= Beginning of Section =

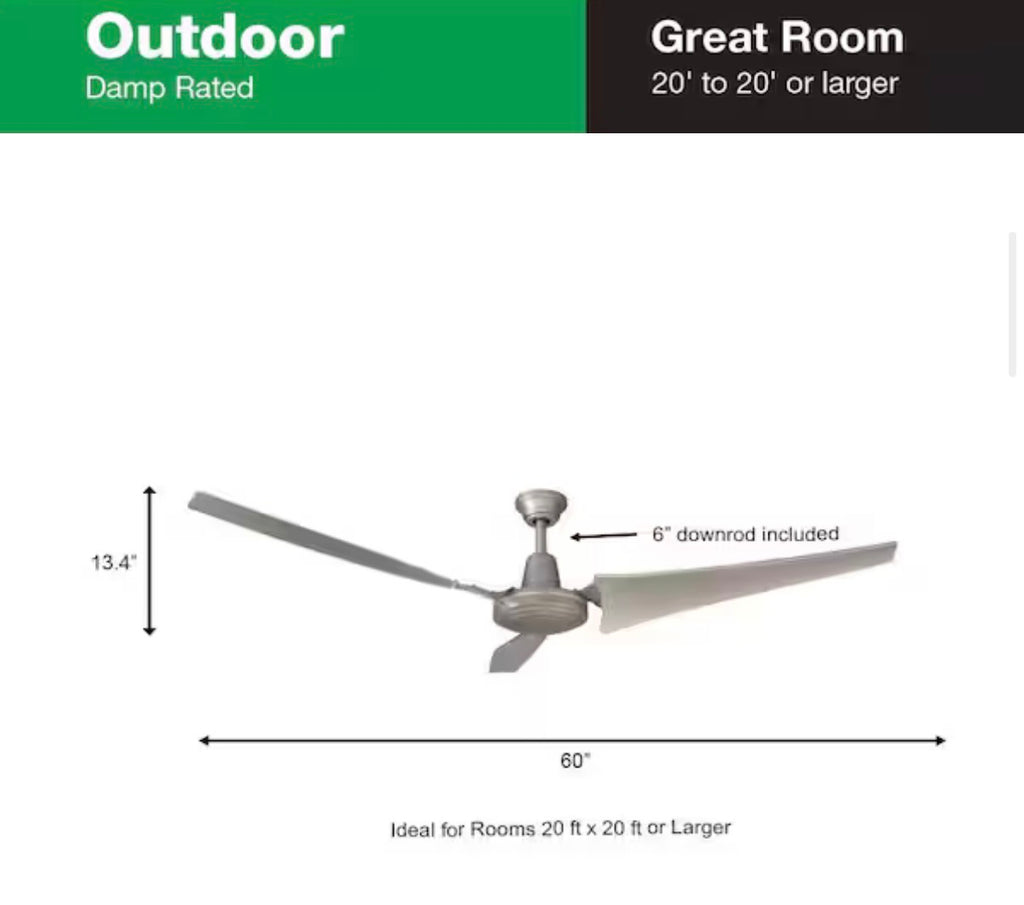 Industrial 60 in. Indoor/Outdoor Ceiling Fan with Wall Control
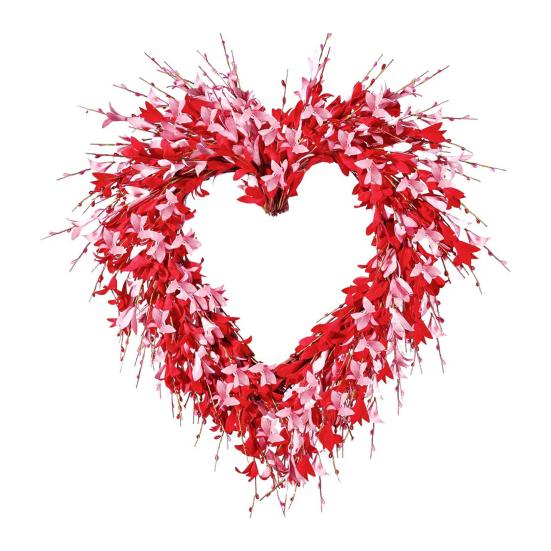 Holiday Wreath Heart Shape Indoor Outdoor Decorative Wreath with Festive Flowers Greenery Home Party Office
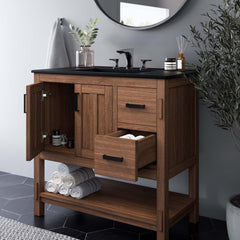Ashlyn Walnut 36" Wood Bathroom Vanity Cabinet (Sink Basin Not Included) - Ornate Home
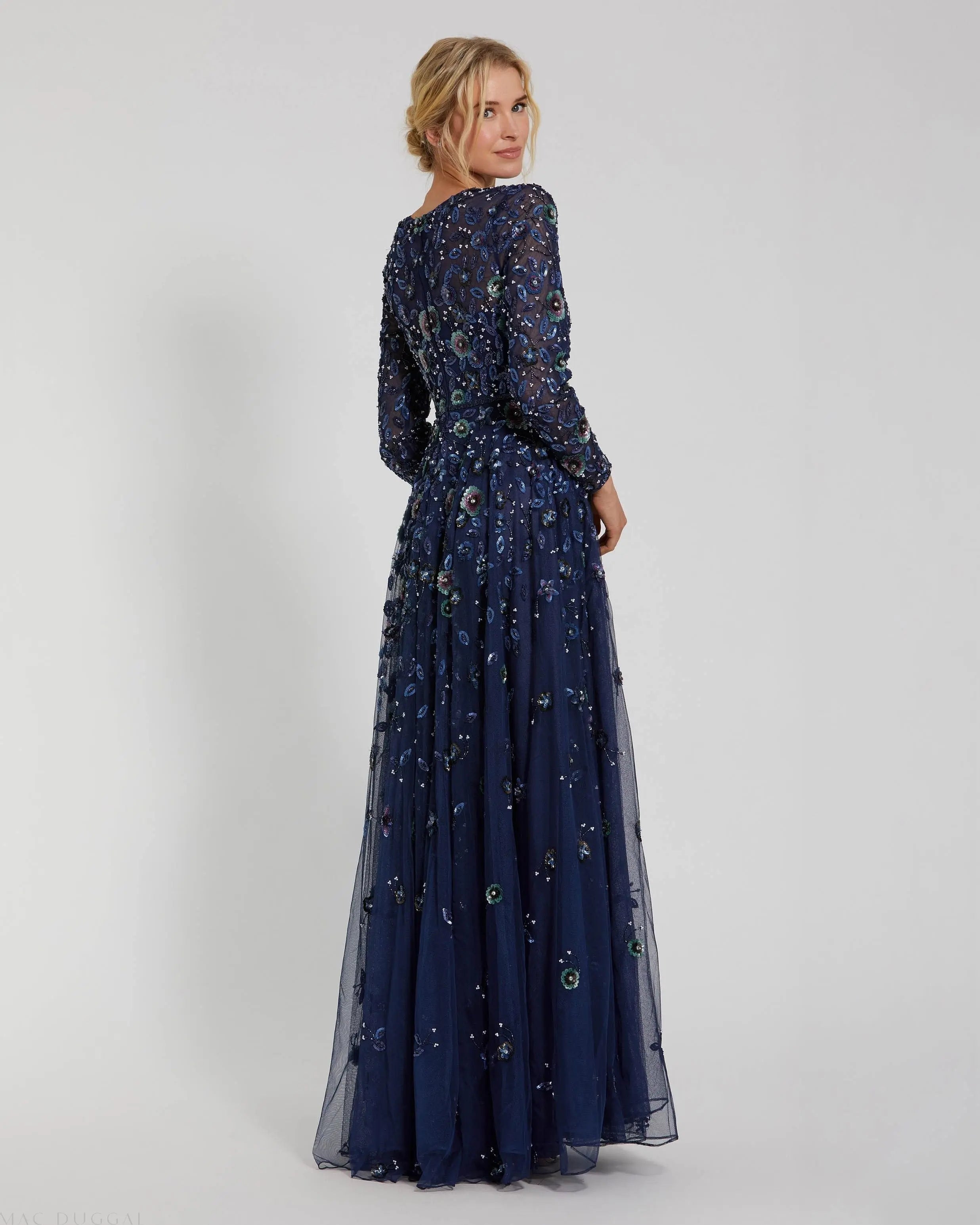 Navy Embellished High Neck Long Sleeve A Line Gown-Myartka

= End of Section =

Exercise:
Could the data above be returned in full, exactly, with every image left out?

Response:
 Industrial 60 in. Indoor/Outdoor Ceiling Fan with Wall Control
 Holiday Wreath Heart Shape Indoor Outdoor Decorative Wreath with Festive Flowers Greenery Home Party Office
Ashlyn Walnut 36" Wood Bathroom Vanity Cabinet (Sink Basin Not Included) - Ornate Home
 Navy Embellished High Neck Long Sleeve A Line Gown-Myartka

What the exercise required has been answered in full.